Rezension
Hannes Vyoral
Ostinato
Ein Tagebuch.
Verlagshaus Hernals, Wien 2022, 130 Seiten
ISBN 978-3-903442-11-5
„Ostinato“, ein neuer beeindruckender Gedichtband des in vielen Sparten aktiven und weithin bekannten Autors Hannes Vyoral ‒ verfasst, „in stillen Stunden“, die der Autor so „schätzt“ (S. 64), gerichtet an Leserinnen und Leser, für die Gedichte noch Gewicht haben – auch wenn sie scheinbar schwerelos über „wörterwiesen“ hin tanzen oder sich unvermutet aufs „glatteis“ begeben. Es sind durchwegs farbige, einprägsam-atmosphärische Texte; Augenblicks-Aufnahmen, die den Verfasser so fesselten, dass er nun seine Leser daran teilhaben lässt.

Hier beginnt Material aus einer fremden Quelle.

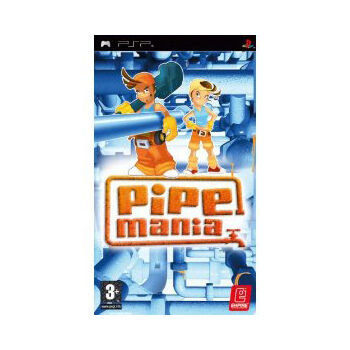 Pipe Mania (for Sony PSP) x0088, , large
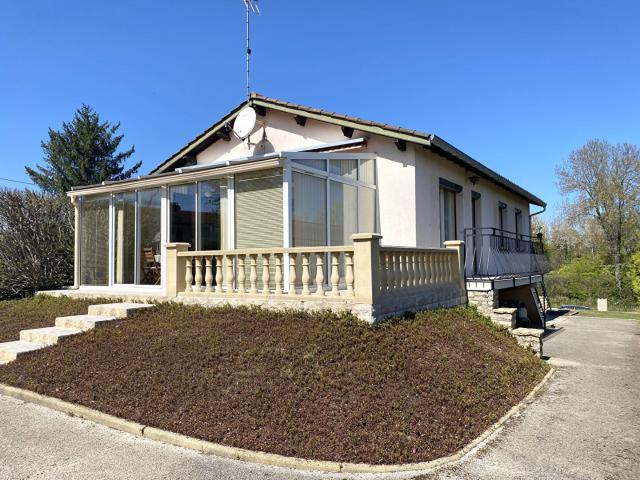 Maison 4 pièces 97 m²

Vyorals Umfeld, die ländliche, noch weitgehend unverbaute Natur, ist ihm wertvolle, unerschöpfliche Inspirationsquelle. Klug und liebevoll werden die so entstandenen Texte zu einem berührenden Tagebuch gebündelt, die im Leser ihr Echo wachrufen. Es handelt sich zumeist um Impressionen aus dem Burgenland – insbesondere aus dem Seewinkel, siehe Text schmelztiegel seewinkel: “die hitze hat etwas dunkles / bei so viel wasser in der luft … / was du für seen hältst …/ sind bleichgrün-gelbe / weizenfelder, darüber grau / das himmelsblau ersetzt / und die entfernungen /verschmelzen lässt“ (S. 12).
Der Ablauf der Jahreszeiten spiegelt sich eindrucksvoll in den meist nicht allzu langen Gedichten wieder, die bisweilen an Haikus (doch ohne deren strikte Silbenvorgabe) denken lassen. Kurz und bündig zwar, doch kurz und gut, getragen von poetischer Kraft! Freilich bedarf es längerer genauer Beobachtung, um die „Seele“ dieser noch dörflichen Landschaft zu entdecken. Jeder neue Jahreszeitenzyklus bringt erstaunlich Wandelbares zum Vorschein und lässt so das Unfassbare hinter dem Fassbaren erahnen, mitschwingen.
Und nicht nur wie Hannes Vyoral, der wie in einem Kokon ruhend, seine Gedanken in die Welt aussendet, verwandelt sich auch der mitbeobachtende Leser und findet sich bald mitgetragen, mitgeformt – eingefügt in eine wohltuende tiefere Weltschau. Im Gedächtnis verbleiben sicher auch die einprägsamen Wortschöpfungen sowie der große Wortschatz des Autors: Ein Buch zum Lesen – und Wiederlesen!